Lieutenant Rzhevsky was expelled from "House-2" for intelligence.
Who chose Peehu for the voice of the first line?
I Wanted Darth Vader (
by Oldsibiryak:
A long time ago, when the water was wet, the sky was blue, and the telescope once a year showed a broadcast of "Melodies and Rhythms of a Foreign Broadcast", consisting of Karel Gotth, I was surprisingly young and stupid. And I had no less young and stupid friends, yes. We were fascinated by all sorts of things, although mostly girls. But all sorts of different too - played on the ceiling terribly heavy and even places of punk rock, eaten a port wine and you did. As you did once acted one powerful drug, from the list "B". It is powerful, ah. The Powerful. We walked away, but each in his own direction. On my side was a box with slides and lights. And I sat down all night and carefully removed the slides from the frames and wrapped the lights in them. When we were released and we started counting the damage, it turned out that I wrapped something about six hundred flashbacks. Each in its own slide. And he put them in ranks of seventeen and twenty-four pieces.
XX: I am a man of old hardness
xxx: nervous when the work computer writes "Detecting IDE Drives" and 4 times None after that
I will wash the guitar more to your face.
If you had seen me this morning, you would have said that I have more to my face than a bean, a mahogany, and a bottle of samsung.
(g): I probably didn’t have to call you all so yesterday, sorry-sorry, forgive me))) (the keyword is "at all")))
Nothing, forgot about it. (keyword "go to fuck")
by tel720
Just the computer released a wonderful "iTunes program discovered that it is not the main player for audio fools...", so I wanted to write. "Angry and offended." And then there should be buttons. "Excuse me and correct", "Excuse me", "Send to...".
Modern student - instead of preparing for the session, he is looking on the net for a beautiful aforism about the shit to put into the status.
In a forum under a picture of the donkey:
This is not a donkey, but a donkey! As far as I know, the donkey must have horns!"
I am afraid to imagine this miracle.
Kain (10:42:48 2/06/2009)
We did not ride horses on Issyk Kul, one horse had the name "Veterok".
And, as we soon understood, it was not given at all because it was jumping fast.
Kain (10:42:56 2/06/2009)
In the end we renamed it to "Hurricane"
Kain (10:43:11 2/06/2009)
Rarely was Merlin.
Take a look and see how many people read BOR!

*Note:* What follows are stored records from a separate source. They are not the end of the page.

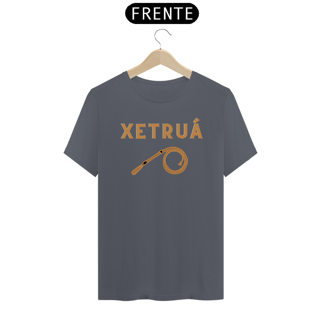 Nome do produto Xetruá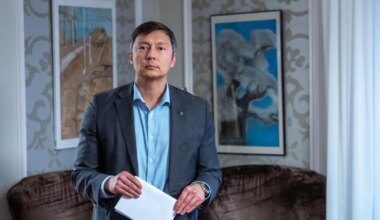 MIHHAIL KÕLVART ⟩ Kui Veidemanni teenetega isiksuse arvamust karistatakse, siis kellele see veel lubatud on?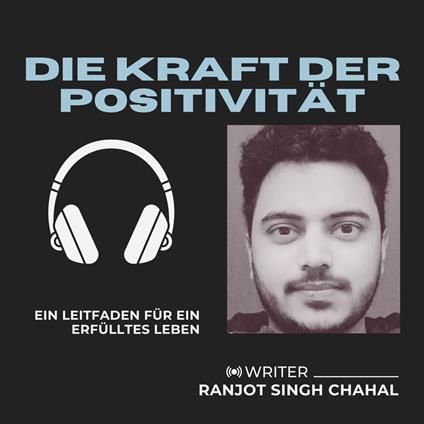 Die Kraft der Positivität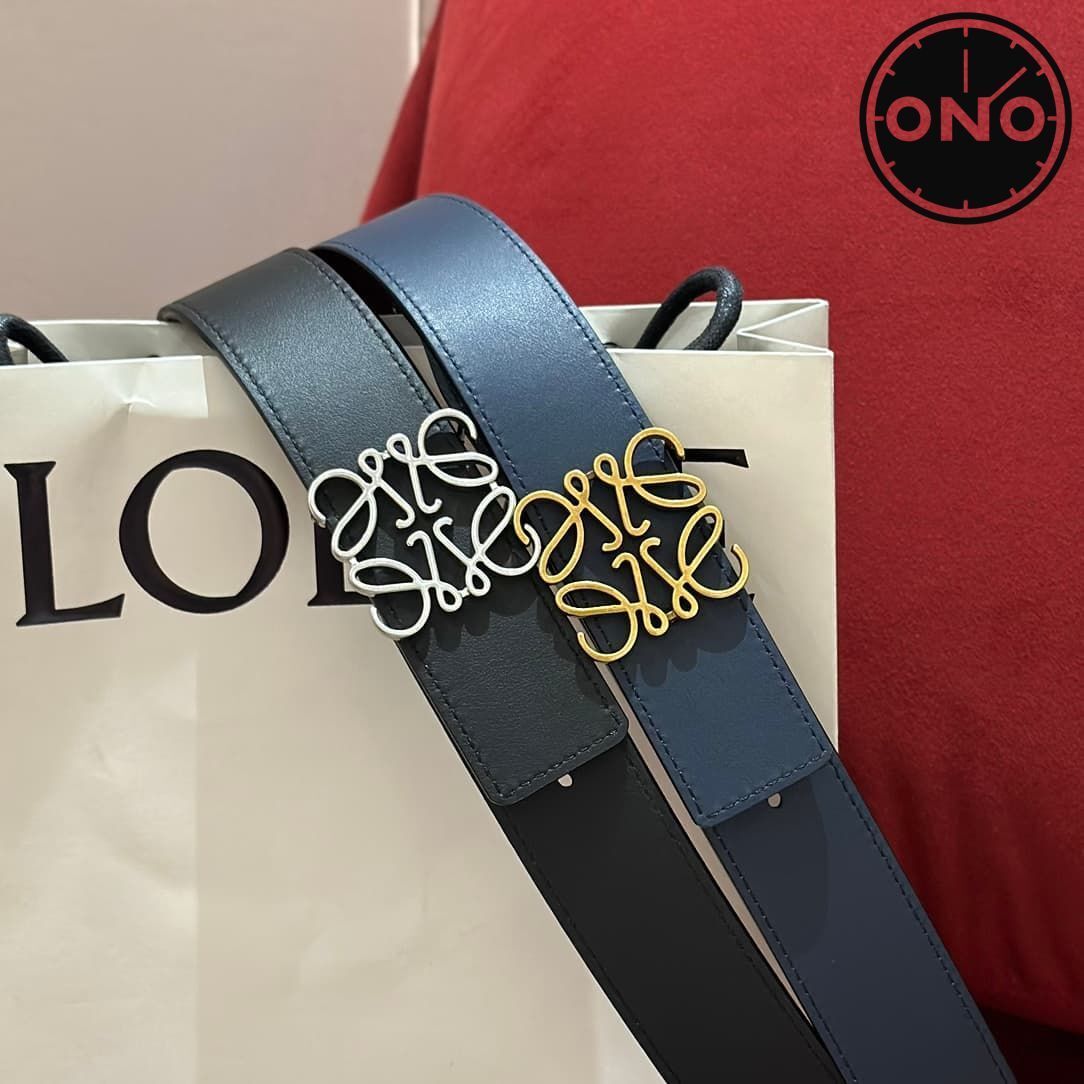 loewe_belt_19_3.jpg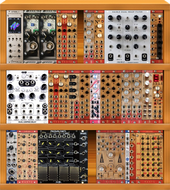 Bastl
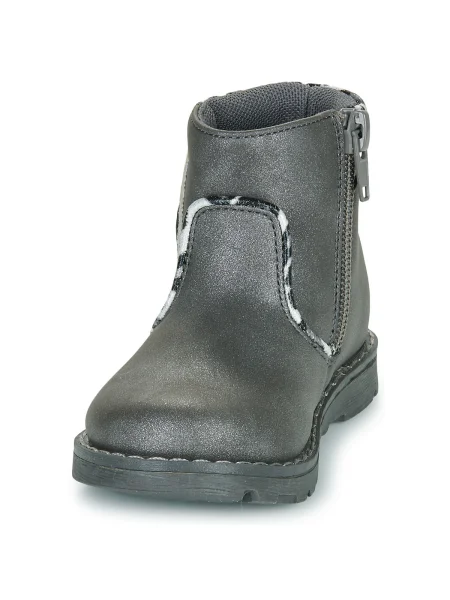 Pantofi copii Chicco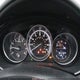JM3TCBCY3H0131332 2017 Mazda Cx-9 Touring auction photo thumbnail 7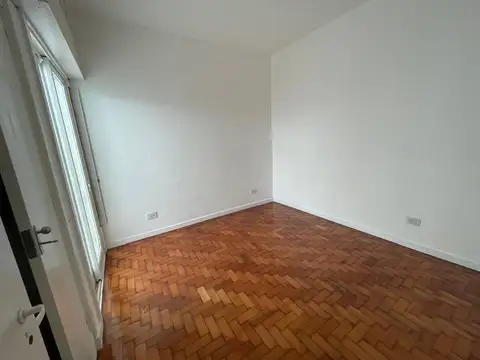 Depto Tipo Casa en Venta 20 años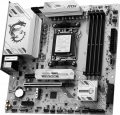 MSI B850M Gaming Plus WIFI6E - 7E81-001R 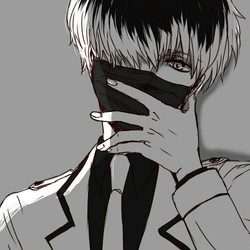 Profile picture of আরিয়ান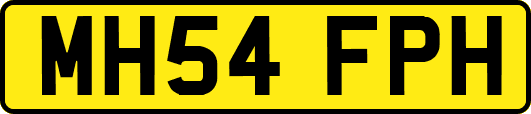 MH54FPH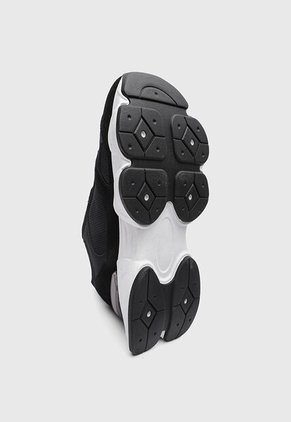 Tenis Royal County of Berkshire Polo Negro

The most unsuccessful deed of today was to cut off while shaving, wipe out the blood with the hand... thinking about the bluntness of everything to forget to wash the hand... by an accidental movement to wipe it off the white panty... and go, wipe, for a full examination in the skin dispenser...
Answer to:"A man! Learn how to shave eggs. On the other day, the fucking man decided to put order in the cowards, so the fucking man cut off the sheep with his scissors! by Scuco. Can you invent a safe haircut? ("--------- They burned their fire:)
W: And why did you do it?
I am damaging! and :P
Rather is echoed.
HH: Is this still a patch?
You are like a squid, like a mammal, and there is no mammal.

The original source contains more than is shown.